On Thursday, October 11, the European Union Studies Program at the MacMillan Center hosted João Rodrigues, Senior Legal Adviser to the European Parliament Liaison Office with the U.S. Congress and former 2016-2017 Visiting European Union Fellow at Yale, who spoke about the current relationship between the United States and the European Union. There are plenty of “ups and downs,” admitted Rodrigues in his opening, talking about issues that lately strained the mutual relations.
Rodrigues highlighted especially the new volatility in United States’ diplomacy, and the way it has been impacting its relationship with one of its closest allies. “Contrary to the past, you can’t make forecasts about the future,” Rodrigues stated, “it is not always clear the direction his [Trump’s] administration is going.”
More specifically, since Trump’s administration took power, U.S. foreign policy has shifted from mostly championing a rules-based international order to cultivating a more transactional relationship in which it is “necessary to show the U. S. that they can win in some area” in order for them to settle on an agreement. To illustrate his point, Rodrigues pointed to the World Trade Organization and how the United States “hasn’t been very helpful in trying to make it work.” In Rodrigues’ view, the reason the current administration does not regard the institution favorably is that it is unclear how the World Trade Organization furthers the interests of the United States; after all, some of its rulings have not been in line with what United States sees as its best interests.
Rodrigues then moved to unpack the underlying tensions between the two allies; the first and most crucial factor he sees in the contrasting priorities concerning climate policy. Climate change is “Trump’s forbidden word,” and little has to be said about the U.S.’s weakening commitment after it declared its withdrawal from the Paris Agreement last year. At the same time, mitigating climate change and fostering more sustainable energy sources remains a priority for the European Union.
Another contentious point is the policy towards Iran—after Trump announced the withdrawal from the Iran Nuclear Deal, his European partners continued to work to keep the agreement at least partly alive.
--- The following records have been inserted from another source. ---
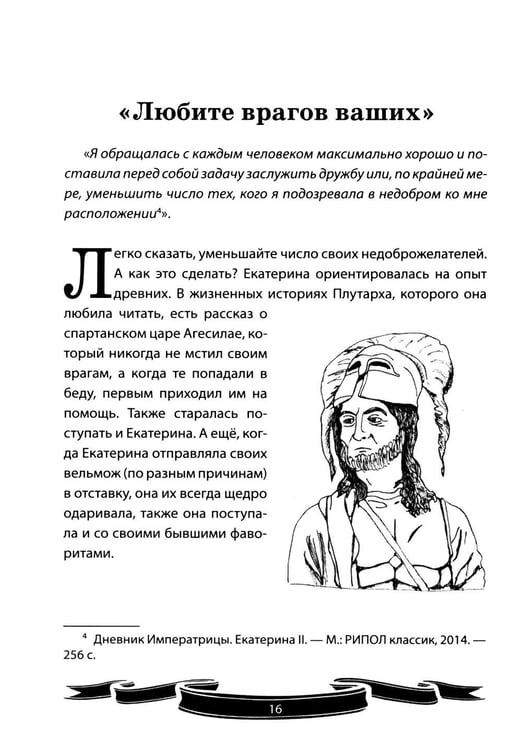 Дополнительное изображение книги «Екатерина Великая. Рассказы и путь жизни»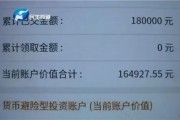 人民币180000怎么写(180000人民币大写怎么写)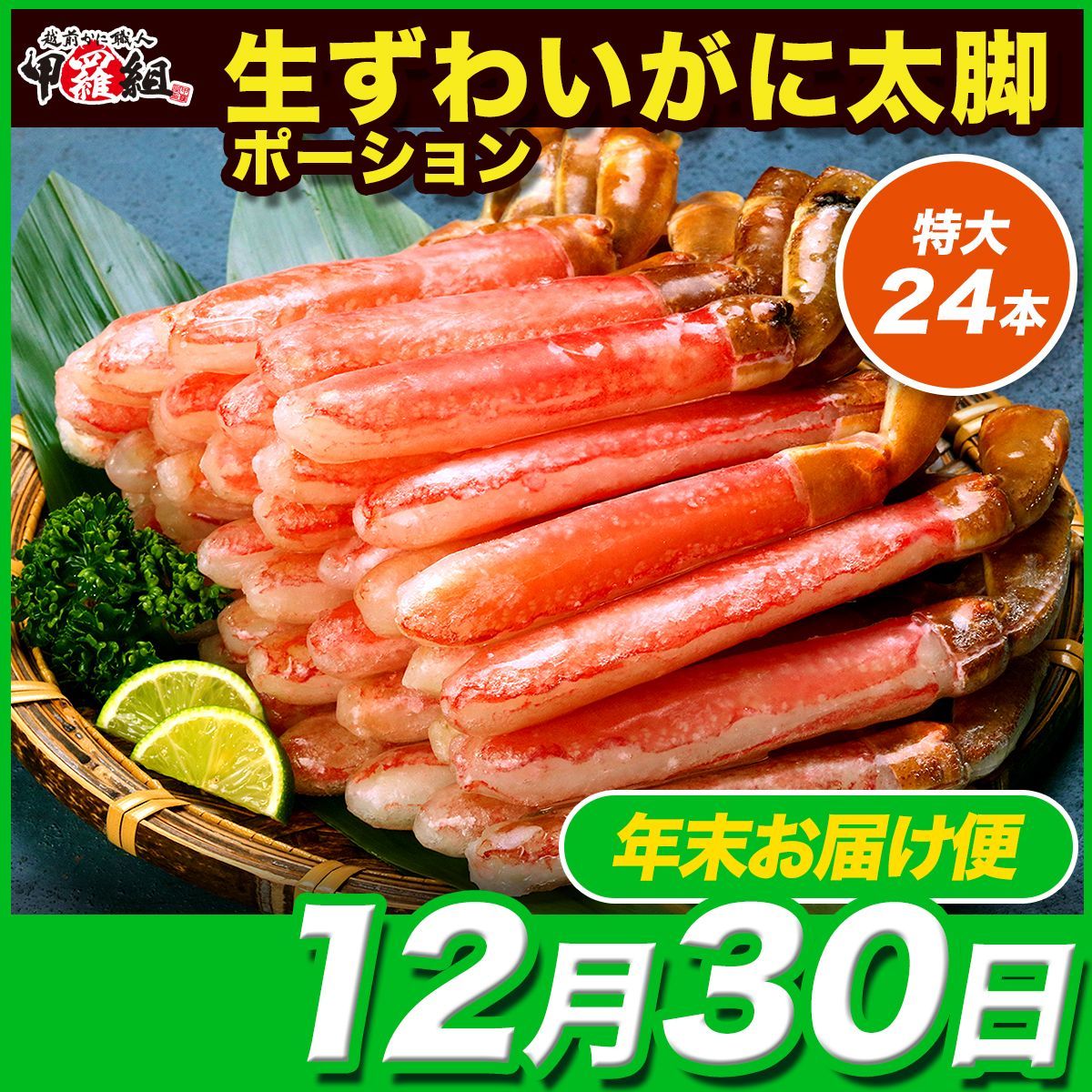 12月30日お届け 生ずわいがに 太脚ポーション 1kg 特大24本 500g×2袋 お刺身OK かに 蟹 カニ 足 刺身 生食 カニ鍋 取り寄せ ギフト かにしゃぶ 冬ギフト 正月 甲羅組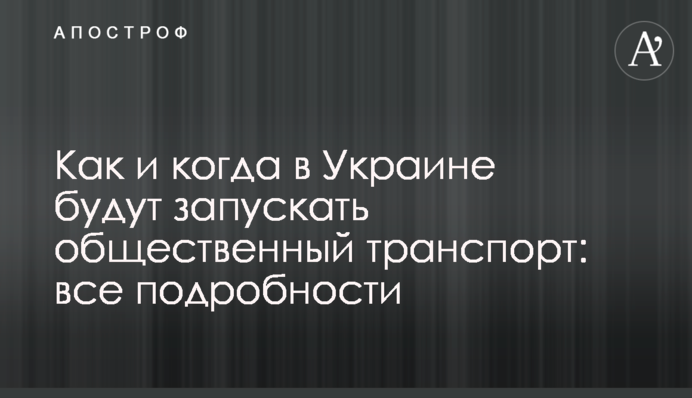 Как и когда в Украине будут запускать общественный транспорт: все подробности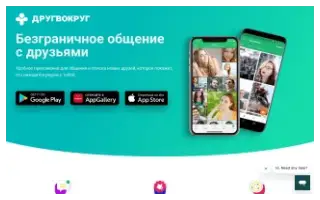 Сайт Друг вокруг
In another corner of the Middle East, Trump’s decision to move the United States embassy from Tel Aviv to Jerusalem was another major source of tension, as was the United States’ unwillingness to comply with the EU–U.S. Privacy Shield agreement, and the ongoing visa negotiations.
United States’ relationship with the European Union has suffered, yet this, according to Rodrigues, is no reason to despair. To conclude, he highlighted the importance of open dialogue and adaptability to changing political circumstances.